What to Do with the Results of a Nonprofit Program Performance Assessment
It is hard work to assess the performance of your nonprofit program, but it is even harder to react appropriately to the findings — especially if they are less than positive. Here are some basic steps to follow whether the findings are delightful or a bit discouraging.
Report what you discover
When you get ready to report on your program, look at your information carefully. Do you see positive change? Does one group appear to have done better than another group? If so, ask yourself why. Was there a dip in attendance during any part of the program? Did anyone drop out of your classes? If you interviewed program participants, did you discover any information that can be interpreted in your report?
If you like working with charts and graphs, this may be the time to use them. If your evaluation produces numbers — test scores, percentages of participants completing a full course, proportions of the general population reached by your program — showing results in graph form can make a strong point.
Review the goals and objectives of your project and determine whether the information you collected confirms that your objectives were met.

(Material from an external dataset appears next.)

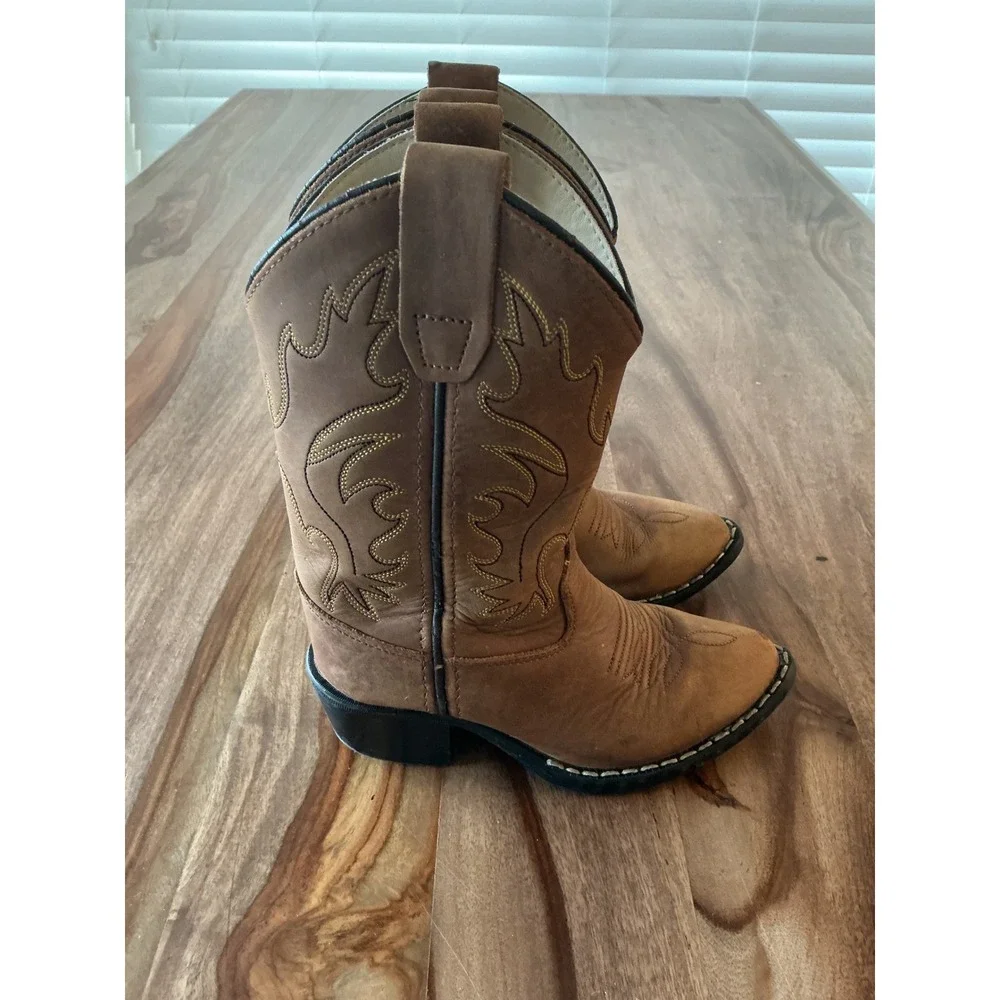Old West Kids Leather Cowboy Boots Tan Brown Western Stitch 8129 Size 10D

If your program fell short of its goals, can you explain why and what you’ll do the next time to remedy the situation?
Consider your audience. If you’ll be sending a report to a foundation funder or to your board, you’ll want to create a more formal report than one you’ll share only with your staff.
Tell the story without numbers
While numbers are good, they usually don’t tell the whole story. And for many of us, they don’t do a good job of conveying the human interest that’s present in most nonprofit programs. Sometimes, the best way to communicate the results of your program may be to tell a story about a person or group of people who benefited from your services.
It can be helpful to interview a client and include one or two direct quotations about his experiences as a participant in the program. Be careful to guard your client’s confidentiality, however. Use a pseudonym or ask the client’s permission before using his name.
Don’t go overboard with your prose and don’t exaggerate. Your readers will know if your story is unbelievable, so stick to the facts — but do put a human face on them.
Be honest and take the results in stride
You want everything you do to have a perfect ending, but that isn’t always possible. Sometimes plans go awry. Maybe you didn’t find the clients you hoped to find, or maybe the audience failed to arrive on opening night.
Honesty is the best policy — for yourself and your funders. If your program failed to meet its objectives, try to figure out why so you can do better next time. Prepare a report that includes accurate data and an analysis of the reasons your program fell short of its goals.
If you do have to submit a less-than-favorable report on your program to your funders, remember that a foundation program officer will appreciate a straightforward and honest appraisal. If you fudge the data, your fibs can come back to bite you.
One purpose of an evaluation is to help you, your staff and board, and your funders discover more about your organization’s work. Often, coming away with new knowledge is nearly as important as achieving the results you imagined.